- Any 19th Century Classic: Anna Karenina by Lev Tolstoy
- Any 20th Century Classic: Dr. Zhivago by Boris Pasternak
- Reread a classic of your choice: The Master and Margarita by Mikhail Bulgakov
- A Classic Play: Three Sisters by Anton Chekhov
- Classic Mystery/Horror/Crime Fiction: Murder on the Orient Express by Agatha Christie
- Classic Romance: Evgenii Onegin by Aleksandar Pushkin
- Read a Classic that has been translated from its original language to your languange - Garden, Ashes by Danilo Kis (recommended by Maria whose taste in books is impeccable)
- Classic Award Winner - TBD by Joseph Brodsky
- Read a Classic set in a Country that you will not visit during your lifetime - The Gulag Archipelago by Aleksandar Solzhenitsyn
I am glad I decided to do the Eastern European version of the challenge as that narrowed down my options in a very productive way and added focus to my list. More than one of these titles is a reread. Not that there aren't enough unread titles for me to pick from but I've read many GREAT books when I was in high-school (courtesy of the sometimes strangely enlightened Bulgarian education system) and, honestly, I think I owe it to myself to re-read them periodically as I collect life experiences. I think that Anna will make a lot more sense to me at 30 than she did at 15.
The two categories that were the toughest for me were mystery/horror/crime fiction and romance since these are not genres I usually read in but they gave me an opportunity to be cheeky and creative so I am glad they were on the list. Also, for someone who travels a lot, the last category was almost impossible to fulfill but then Kyle suggested that I pick a country that no longer exists and therefore I would not be visiting in my lifetime so that opened up a whole lot of possibilities. I decided to pay special tribute to the Soviet Union by reading a novel that best describes the atrocities of the regime.

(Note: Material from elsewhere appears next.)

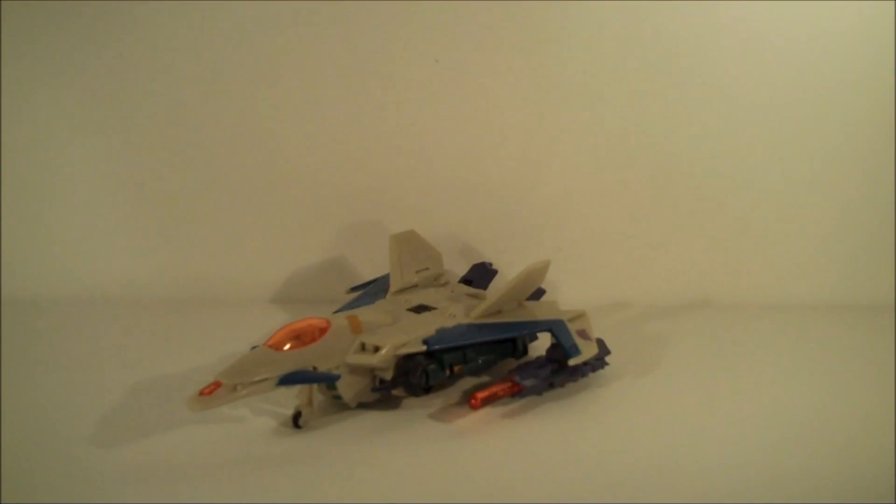Hello, welcome to Kapow Toys Presents. I'm your host King Grimlock, and today we're going to be looking at Generations Thunderwing, if you couldn't tell from that natty intro.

For the award winner, I wanted to pick a poet since the category wasn't explicitly included in the challenge. Joseph Brodsky won the 1987 Nobel Prize for Literature and his work I admire. So much so that I am having a hard time picking a particular collection of poetry. If you have a favorite, please let me know.
I am super excited about this challenge! It is shaping up to be a mildly depressive but otherwise rewarding experience. Have you read any of the books on my list? Which ones do you think I will like best?
P.S. I *am* a Russophile and I'm totally OK with that.